Today we get to see the starting gun of the great crisis of the 21st century.  All of those children swept up in the net of the INS and held in holding facilities without enough beds or bathrooms?  That's the preview reel.  This situation has been racking up big numbers in foreign markets, but it's going to come here in a big way.  Illegal aliens, undocumented workers, refugees, sans papiers if you speak French, displaced persons.  Unless we want our border fences to be built from the skulls of huddled masses yearning to breathe free, America is going to need a better immigration policy.

We are going to need to figure out how to house and feed people, by the thousands as quickly as overnight.  Because storms aren't getting any milder and the sea level doesn't look like it will be sinking anytime soon.  If that means FEMA trailers, ideally mark 2 or 3 ones that don't give off formaldehyde or rot with poisonous mold, then let's build FEMA trailers.  If that means re-purposing old shopping malls, let's do that too, if that means we can spare golf courses from becoming brand new homes for displaced people, let's not because golf is boring as hell and it's a fucking waste of water, fertilizer and real estate, and if there's enough land and fresh water for a golf course, there's enough land and fresh water for a small town.  

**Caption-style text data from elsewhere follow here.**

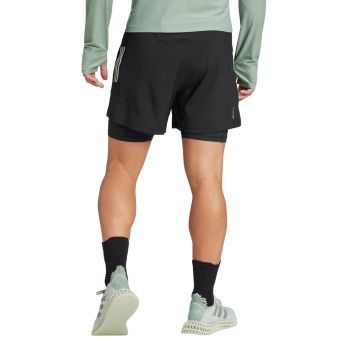 Adidas OTR B S 2IN1 M, muški šorc za trčanje, crna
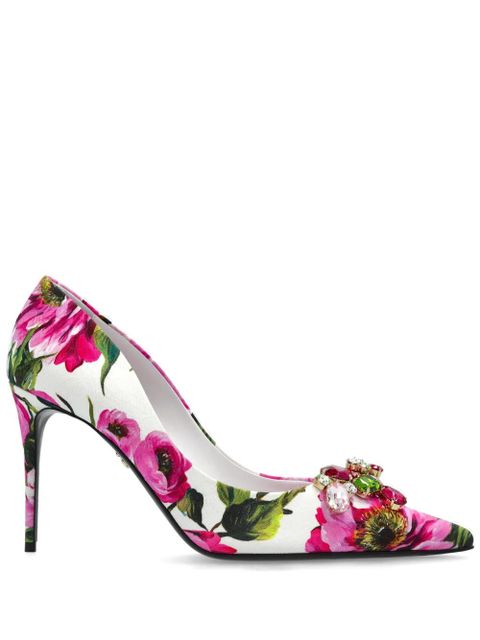 Dolce & Gabbana Damen pumps - Pink - zdjęcie produktu nr 1
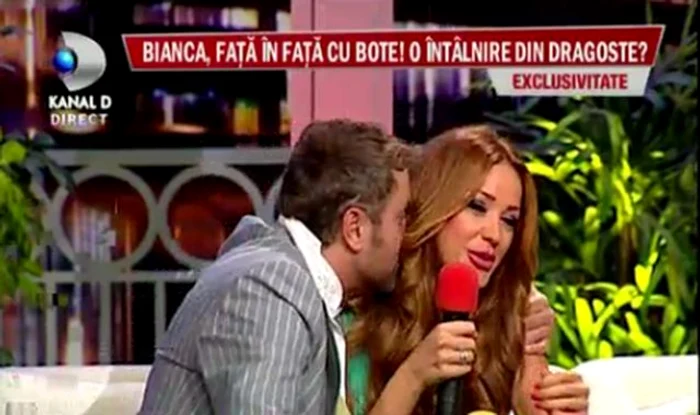 
    Cărălin Botezatu şi Bianca Drăguşanu  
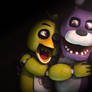 Chica and Bonnie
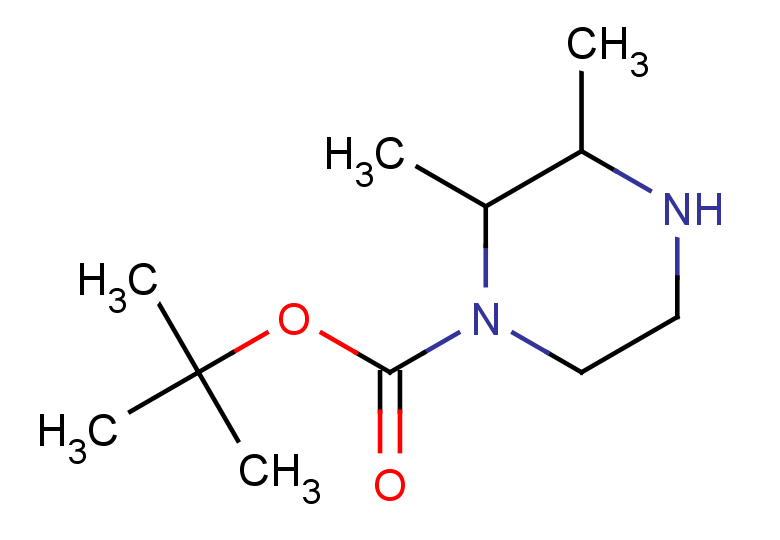 tert-butyl 2,3-dimethylpiperazine-1-carboxylate, Mixture of diastereomers
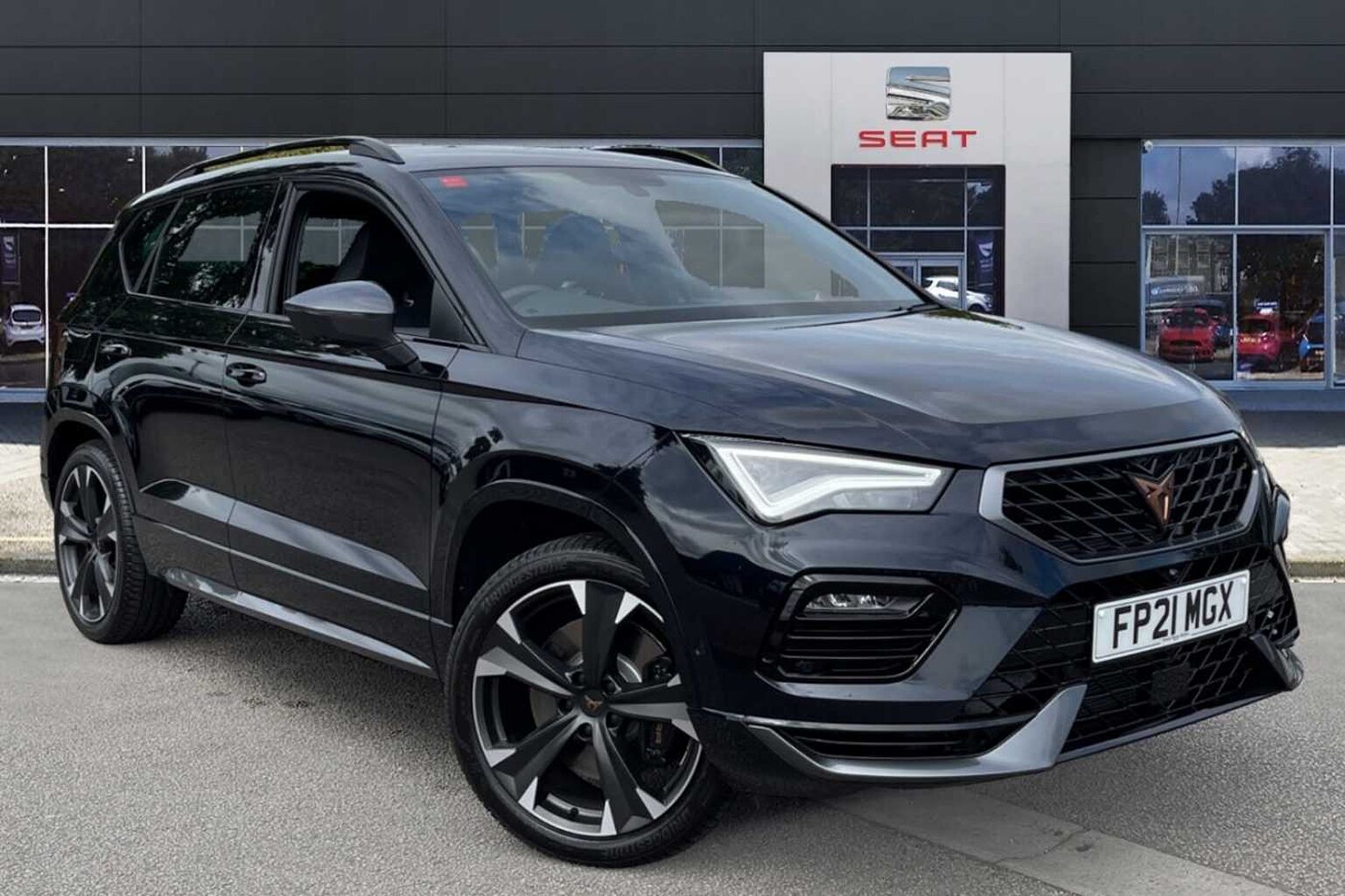 Seat Ateca Estate Cupra Tsi Vz Dr Dsg Drive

Realistically the immigration crisis is not much more urgent today than it was yesterday.  We still have time to plan.  But it's coming and it doesn't have to be a catastrophe.  Building cities from scratch is a thing that used to happen all the freaking time in US.  Welcoming immigrants is a thing we used to know how to do.  Turning from immigrants into Americans is the central narrative of nearly every family in the US.  We can build schools, and factories and homes.  We have rust belt cities that have been bleeding population for decades  There are counties in rural America where the population is in free fall,  there is room for more Americans.  The energy that it takes to cross the desert, or ocean to reach the relative safety of our shores is the same energy that could revitalize our economy and rebuild our infrastructure.